その事を―――今回の『州公会議』での“議長”を務めたジン州公・カは、なぜかしら覚(さと)っており、
でも、彼ならば・・・と、いうことで、場所を改めて話し合おうとしたところ―――
そこには、もう一人―――・・・〕
カ:―――こちらにございます・・・。
ア:はい―――
(あ・・・っ)ソン殿・・・
ソ:―――お待ちしておりました。
実はあの後、ハミルトン殿から、私にも『居残っておくように』・・・と。
ア:えっ―――でも・・・カ殿は・・・
カ:まあ、あれも一つの“方便”とでも申しましょうか―――・・・
しかし、アヱカ殿におかれても、今回の“議題”の一つにあげようか、あげまいか・・・
―――と、した重要事案もおありでしたでしょうし・・・
ソ:え・・・?重要事案??
ですが、話すべきことは全てあの時に―――
ア:いえ・・・実は、この事は、私の内でも随分と迷っていたことだったのです。
ソ:そ―――それでは・・・
ア:(ふぅ・・・)もう既に、ソン殿におかれても、私の州で『二割の兵の削減』と、
それに伴う『カ・ルマの侵攻』の件は、知っておいでのはずです―――
まあ、今回は州軍の働きが良かったから、撃退には成功したようなのですが・・・
カ:今回のはまぐれに過ぎない―――と・・・
それに、度々侵攻の撃退に当たっていたのでは・・・
ア:―――はい、その通りです。
それに・・・これからお話しするのは、いわば私の為した事に対し、他州から手助けしていただくこと―――
ですが、それでは自分の尻拭いを他人にさせてしまうことになり兼ねなくて・・・
ソ:成る程―――それで、今回の議題には出しにくかった・・・と。
ア:はい、真に申し訳次第もありませんが・・・。
〔それは、この州公会議が開催された地―――王都・ウェオブリがあるチ州のソンなのでした。

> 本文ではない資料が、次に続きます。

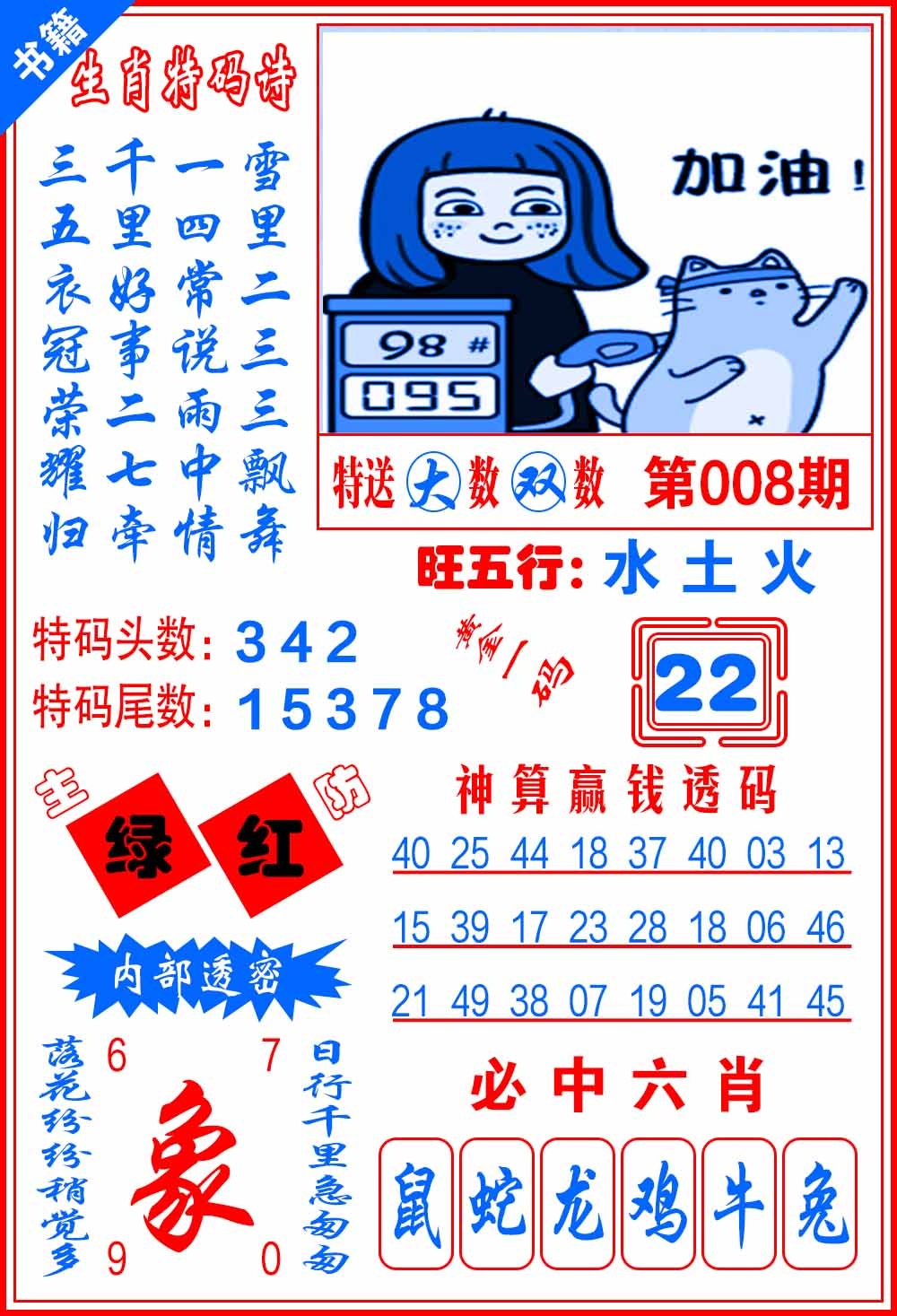 008期澳门一肖黄金[图]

ですが、彼が居残っていた理由も、自主的ではなく、ジン州公であるカに促されたからだ―――と・・・
しかし、アヱカの口から語られた事を聞くに及び、果たして、居残っておいて正解だった―――と、していたのです。
でも・・・それは、アヱカにしてみれば、他州に迷惑をかけ兼ねない事でもあったので、
今回の会議では、見送ろうとも思っていたようなのですが、思いもかけない今回の事に、
隠すことなく、カとソンに話してみたのです。